President Biden just signed into law the “Ending Forced Arbitration of Sexual Assault and Sexual Harassment Act of 2021,” known informally as the “Me Too” law. It becomes effective immediately, and amends the Federal Arbitration Act (FAA) to ban the mandatory arbitration of sexual assault and harassment claims.

What does the new law mean for the future of employment arbitration? Can employers still have any type of a mandatory arbitration program? The answers to these questions are not immediately obvious, but you can be assured that the Me Too Bill will make harassment claims more expensive and more complicated to resolve. It is also not a surety that the end of arbitration will be good for victims or potential plaintiffs.

What the law will mean for your business will depend on a number of factors, including where you are doing business (as mandatory arbitration is already prohibited in some states), and whether your company had a mandatory arbitration program in place for customers or employees. However, all businesses may see an uptick in harassment claims, as that often happens whenever there is a very public legal development in this area.

What does the Me Too law say?

The main provision of the law is short enough to reproduce here:

“[A]t the election of the person alleging conduct constituting a sexual harassment dispute or sexual assault dispute, or the named representative of a class or in a collective action alleging such conduct, no predispose arbitration agreement or predispose joint-action waiver shall be valid or enforceable with respect to a case which is filed under Federal, Tribal, or State law and relates to the sexual assault dispute or the sexual harassment dispute.”

The terms “sexual assault dispute” and “sexual harassment dispute” are not confined to federal claims, but is any such claim as defined according to “applicable Federal, Tribal, or State law.”

What are the key elements to the law?

ONE – Employers may no longer be able mandate the arbitration of claims of sexual assault or sexual harassment, whether those claims are brought under federal or state law.

The new law does not redefine assault and harassment, and instead defines those terms as any instance where such claims may be brought under applicable federal or state law.

Now more than ever, it is important to understand how the state you are doing business in defines sexual harassment or sexual assault. For example, in New York, sexual harassment is defined far more broadly than it is in Title VII, and constitutes instances where “an individual is subjected to inferior terms, conditions or privileges of employment” on the basis of their sex. Perhaps even more importantly, while Title VII applies only to employers with 15 or more employees, the New York State Human Rights Law applies to employers of any size. Even if you are a small employer to whom Title VII does not apply, if your state has similar laws to New York, the Me Too law could apply to you!
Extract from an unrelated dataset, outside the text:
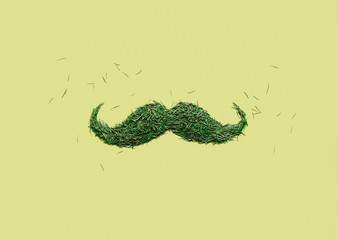 Green mustache from fir tree needles on green
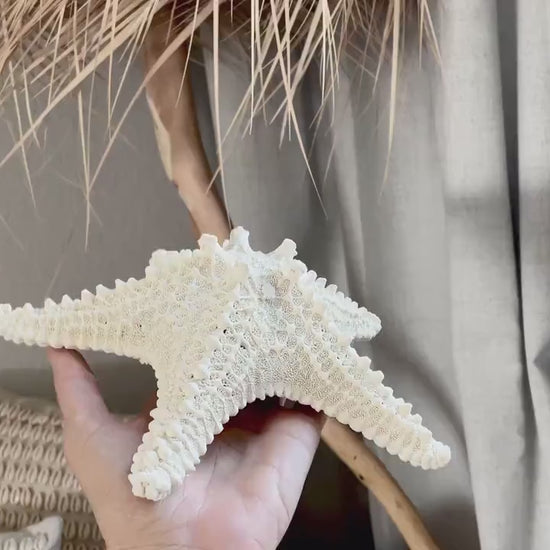 Knobby Starfish 100% Real XS-XXL 2-10" Off White/Tan Color Crafts & Coastal Décor Star Fish Wedding Beach Nautical Stars Small Medium Large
TWO – Plaintiffs also cannot waive their right to bring claims of sexual assault or harassment collectively through a class action.

THREE – Importantly, the law applies to both claims of sexual harassment and assault, and does not just apply to employment disputes. It extends to any person who might sign a mandatory arbitration agreement or a mandatory waiver of their right to bring a class action for a claim of sexual misconduct.

For instance, a “services” company may have previously mandated, through its terms of service, the arbitration of any claims brought by a customer that they were sexually assaulted by an employee. These types of mandatory arbitration clauses will no longer be enforceable.

FOUR – The law provides that it “shall apply with respect to any dispute or claim that arises or accrues on or after the date of enactment of this Act.”

Therefore, it will apply to current arbitration agreements, even those signed before the law went into effect.

There may be an argument that a claim of sexual harassment or assault that is now in arbitration can be completed, but companies will certainly not be able to enforce an arbitration mandate going forward.

FIVE – Finally, the law states that it must be a federal judge, not an arbitrator, who decides whether a claim is subject to arbitration.

What should you do now?

According to a 2018 study, 53.9% of nonunion private-sector employers have mandatory arbitration procedures, so the new law will have a far-reaching effect. But depending on where you do business, the law may change very little.

New York, Maryland, Vermont, New Jersey, and Washington have all passed similar laws effectively banning mandatory arbitration for employee claims of sexual harassment in the workplace. In fact, New Jersey’s law is the most expansive of these, and bans the mandatory arbitration of all claims of discrimination, not just sexual harassment. Meanwhile, California has taken things further than any other state and effectively banned all mandatory arbitration agreements in the employment context. Those doing business in any of those states should have already addressed these limitations in their arbitration policies.

Nonetheless, this new law provides a ripe opportunity for every business to review their sexual harassment and arbitration policies. If your policy covers harassment claims, consider changing it for the future. We do not believe it makes sense to have employees who have already signed an agreement re-sign, as this will create administrative headaches.

But you should revise all future mandatory arbitration agreements to affirmatively state that notwithstanding anything else in the agreement, the signatory has the choice to bring their claims of sexual harassment or assault in court, collectively or individually, and that they are not required to individually arbitrate those claims.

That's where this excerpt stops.